ON DEC. 15, the European Parliament voted yes on a directive that will let police spy randomly on the citizens of the EU's 25 member countries. What's really sneaky is that the directive, often called the Directive on Data Retention, doesn't create new forms of surveillance. In fact, there's nothing in the directive at all about special snooping powers.

This might seem surprising to people who live in the United States, where the president has recently been roasted for bending the rules on wiretaps. The EU directive manages to do something far more catastrophic than granting extra wiretaps.

Instead, it lays the groundwork for a more effective surveillance state by mandating that communications companies—like cell-phone and Internet providers—save information about everything their customers do on their mobile phones or online. This information must be retained for at least six months, but some countries are taking the directive much further: Poland will be keeping the data for 15 years.
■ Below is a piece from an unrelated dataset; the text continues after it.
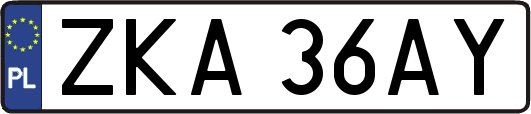 ZKA36AY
Why get a wiretap order when you can just data-mine the hell out of everybody? So everything EU citizens say to each other via cell or email will be saved for possibly years on end.

The European Commission, the EU's executive body, proposed this directive explicitly for law enforcement purposes, after being pressured by anti-terrorist agencies and entertainment-industry groups who want to stop file sharers.

With a new wealth of communications data, law enforcement can go on fishing expeditions for suspects of all descriptions—the directive places absolutely no limits on the kinds of crimes that can be investigated with this storehouse of personal data.

Who doesn't love the idea of catching a copyright infringer and a potential terrorist in one fell swoop, using nothing more than a computer terminal? It's like armchair authoritarianism. Supposedly, the privacy of Europeans will be protected because the directive does not require companies to save the content of what people are saying—only whom they talked with, as well as when and where they did it. So if I'm in England, and I call some guy in Germany, my cell provider keeps a record that says I talked to Grosse Eier from London at 2:45pm, but it has no idea what we said to each other. But if Eier happens to be convicted of a computer crime, the mere fact that I spoke to him could be used as evidence to search my own computers—or my house.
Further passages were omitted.